It’s this iframe that loads in your site that your customers can build queries in. But I know the first thing people are going to say is, this is customer facing. I don’t like the way it looks. What? It loads an iframe. So now, I mean, it’s not actually that easy. There’s technical problems that I think, I mean, I’m sure I can solve them, right? All technical problems are solvable. I just think the layers of this problem and our solution do not match. And so unless you really, really care about it, I think it’s a hard sell to figure out what the right product is in this space. I don’t think we have it.
Rob Walling:
That’s interesting. So not only have you lost your co-founder, but what you’ve built to date you don’t have confidence in and you feel like you need to start over without a
Colleen Schnettler:
Co-founder. That’s why.
Rob Walling:
Yeah,
Colleen Schnettler:
And I feel like if we had still been together, we would’ve figured it out. It’s a hard problem to solve. I don’t know how to solve. It feels like the reasons not to do it are stacking up
Rob Walling:
A lot of headwinds. Yeah. The way I see it, she has three options. Colleen could go it alone or find a new business partner, rethink the approach and bring Hello Query to life, or she could pivot within TinySeed. We’ve certainly seen our share of entrepreneurs who pivot their business. It’s not the most common thing, but it’s also not unheard of. So I pose these options to Colleen. Where are you with that decision? What are you thinking?
Colleen Schnettler:
I don’t know. Robert is so hard to decide because I watched the customer interviews and I’m like, clearly there is a problem here. So there’s something we’ve hit a nerve somehow. Can I solve that without Aaron? But then another part of me is like, man, it’d be nice to walk away from filters and sequel.
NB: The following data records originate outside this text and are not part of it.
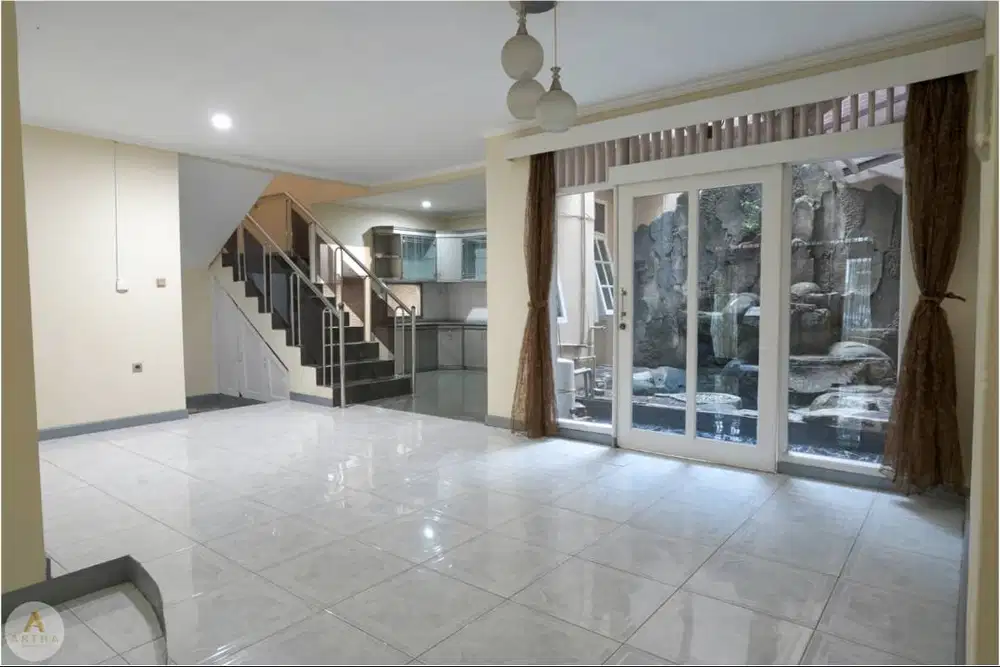 Rumah Siap Huni 2 Lantai di Antapani Bandung Dekat Pusat Perbelanjaan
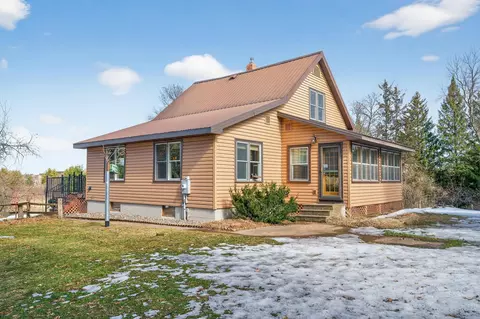 8580 302nd St, Chisago City, MN 55013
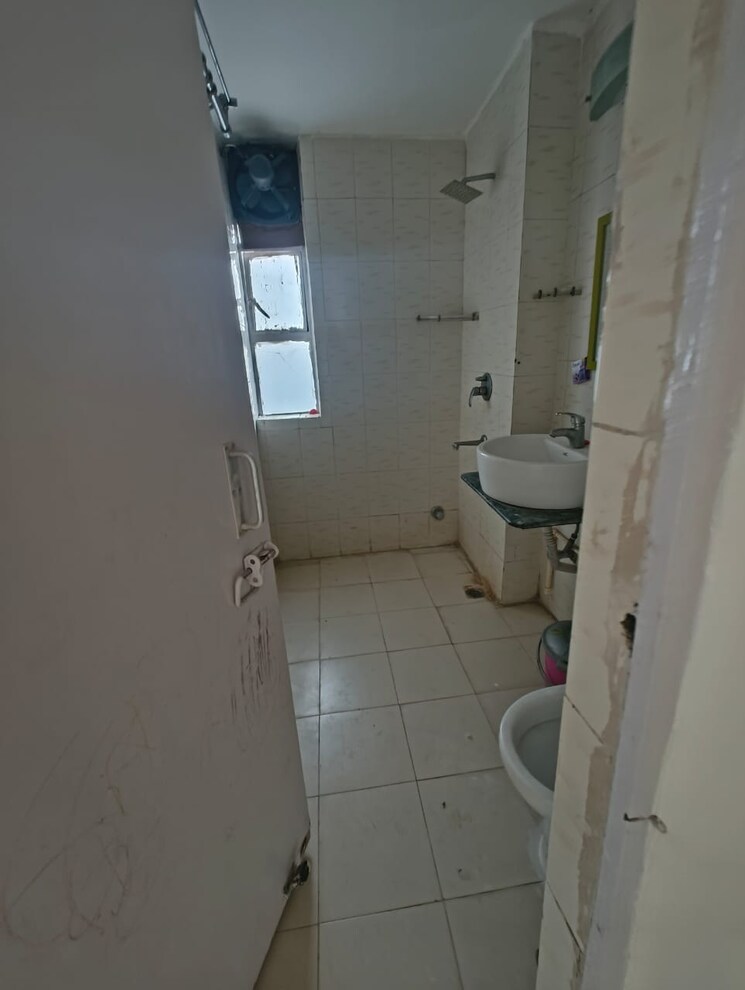Attached Bathroom, vasant kunj 4 Bedroom 1800 Sq.Ft. Apartment In Vasant Kunj Delhi 8422123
I have been doing that for years and years and years, and I cannot make it work.
Rob Walling:
I’m kind of sick of it.
Colleen Schnettler:
I’m kind of sick of it. Maybe I should do something else. Why not? These past eight months, I mean, my skillset has just exploded, so I just need an idea and a little bit of luck and maybe I can do something else. It’s an interesting position to be in because when you see other people in this position, you want to play your tiny violin for them. You’re like, oh, you have funding and no idea how hard for you, and now I’m in this position and I’m super stressed.
Rob Walling:
As you think back over the past six months, 12 months, is there something that you wish you’d done differently?
Colleen Schnettler:
Yeah, I think originally when we had talked about this idea once we got rid of our consulting arm, we had talked about starting, which is SQL to CSV and Iteratively building. And for reasons that I’m still kind of unclear, I couldn’t get Aaron to do that, and I think part of it was he felt, I don’t want to put words in his mouth, but he felt like that wasn’t well aligned with his vision, and so I feel like we should have shipped something faster. It should have been SQL to CSV instead of going with this huge vision where we’re going to solve all your problems. Well, gosh, it’s so cliche to say this out loud now, but we should have shipped SQL to CSV and because Aaron and I, we maybe didn’t, I don’t want to say we’re conflict, but when you have a personal relationship with your co-founder, you don’t.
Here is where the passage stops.